Data entries:
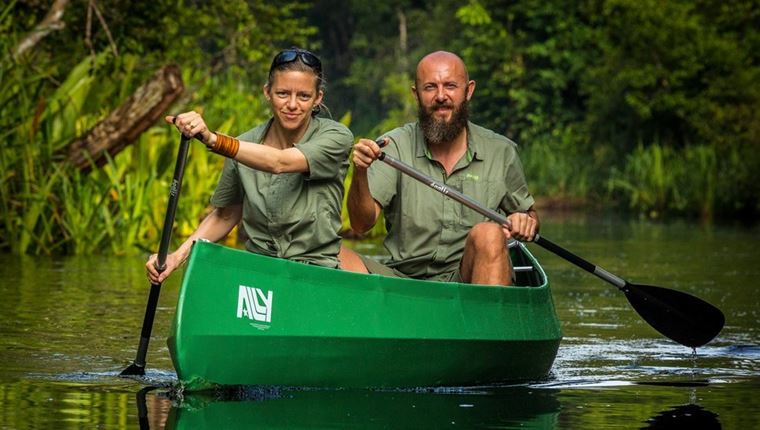 Ζευγάρι φωτογράφων ίδρυσε περιβαλλοντική οργάνωση μετά από σοβαρό τραυματισμό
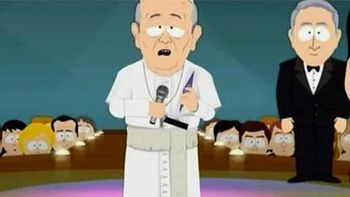 polemica por una serie animada que se burla del papa polemica por una serie animada que se burla del papa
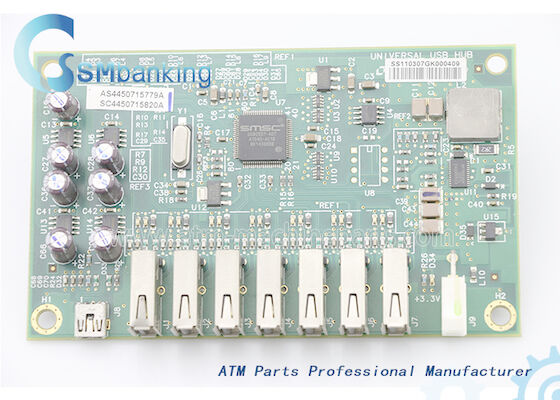 4450715779 NCR ATM Parts Universal USB 7 Port Hub ระดับบนสุด Assy 445-0715779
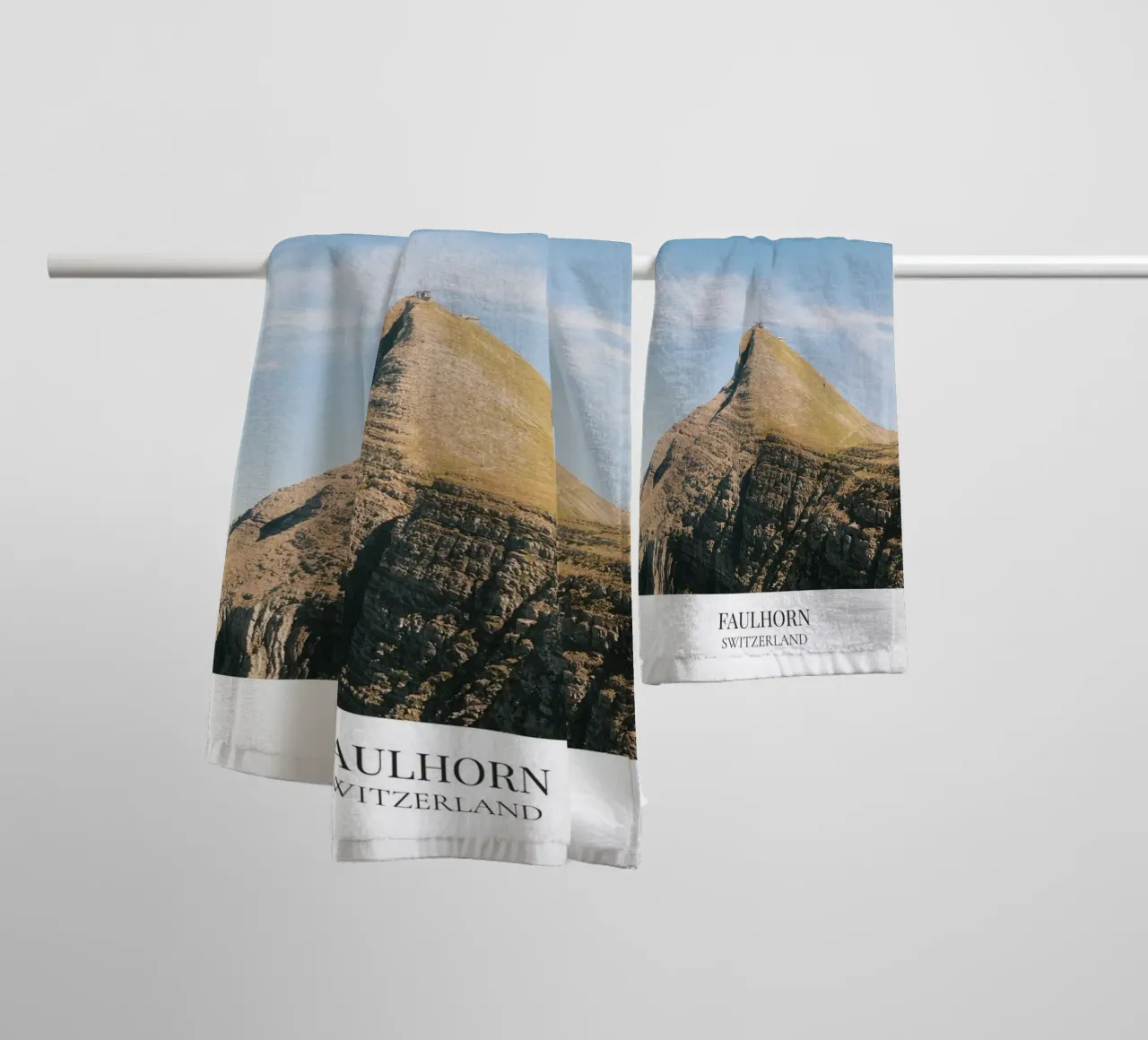 Faulhorn: Switzerland asciugamano da bagno da FujiFrames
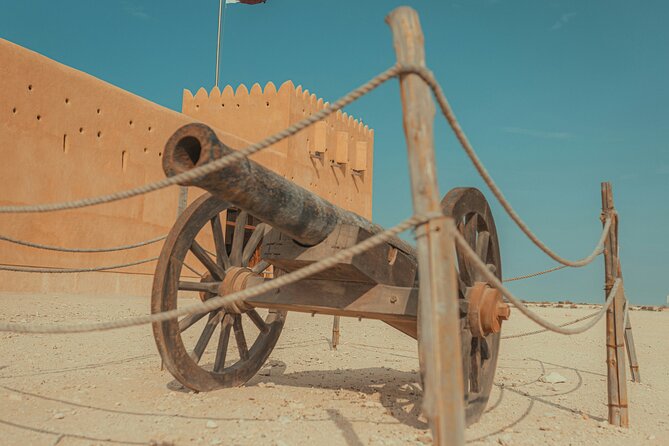 Doha Private North Qatar Tour, Mangroves and Al Zubarah Fort - Al Jumail shows the quiet side of old Qatar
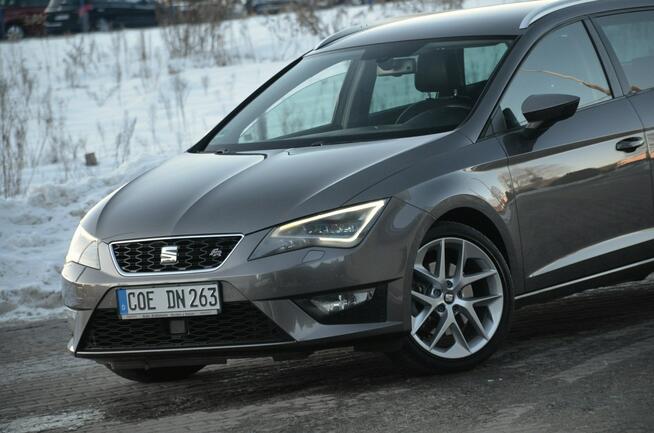 Seat Leon 2,0TDI*184KM*Full LED*Navi*Automat*Niemcy Ostrów Mazowiecka - zdjęcie 8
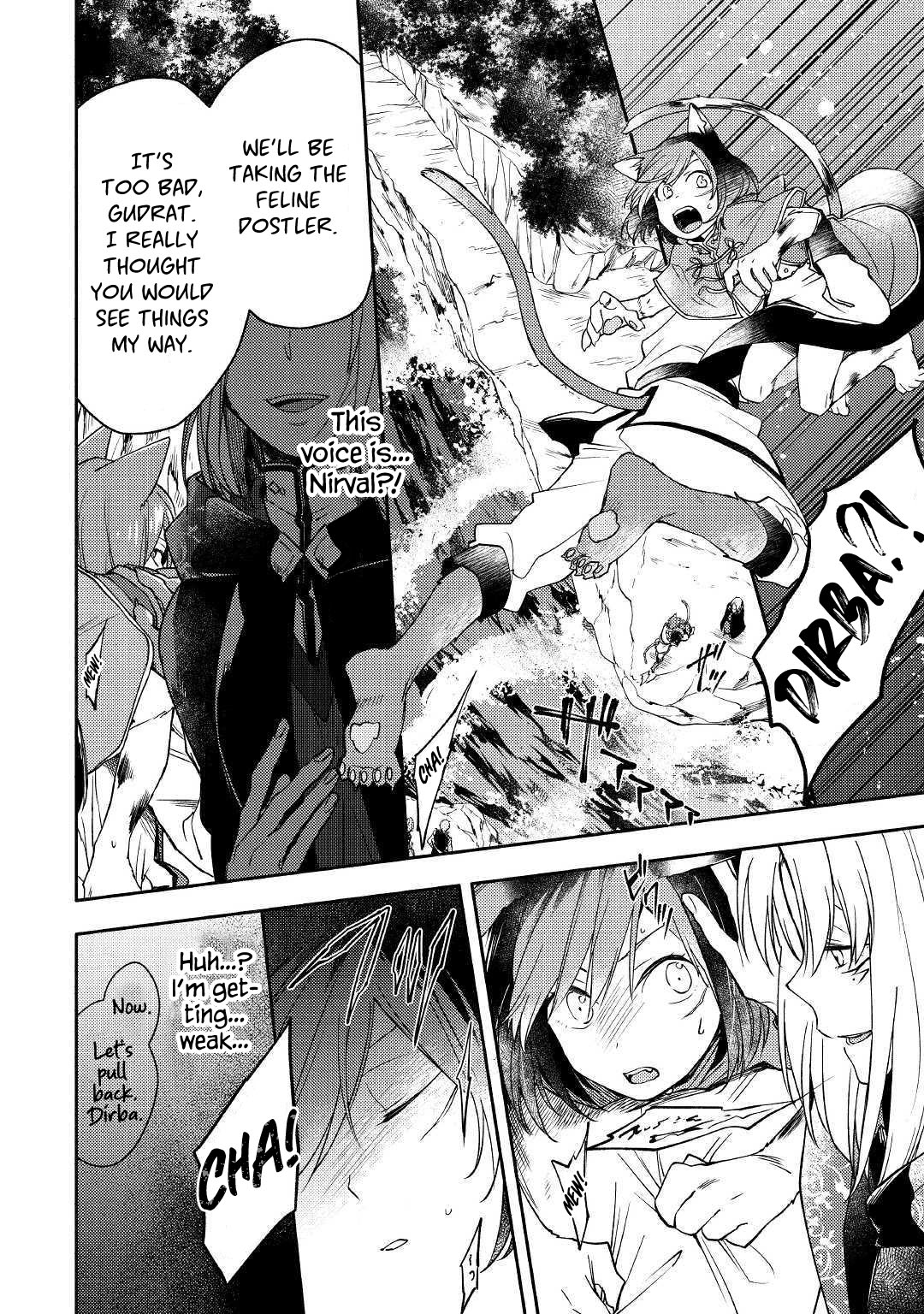 Neko no Te demo Yoroshikereba Chapter 6 page 22 - Chapter 6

Assigned task: The answer should consist only of the lines above from the one with "Faulhorn: Switzerland asciugamano" through the one with "Seat Leon 2,0TDI*184KM*Full", repeated exactly, with no pictures among them.

Result:
 Faulhorn: Switzerland asciugamano da bagno da FujiFrames
 Doha Private North Qatar Tour, Mangroves and Al Zubarah Fort - Al Jumail shows the quiet side of old Qatar
 Seat Leon 2,0TDI*184KM*Full LED*Navi*Automat*Niemcy Ostrów Mazowiecka - zdjęcie 8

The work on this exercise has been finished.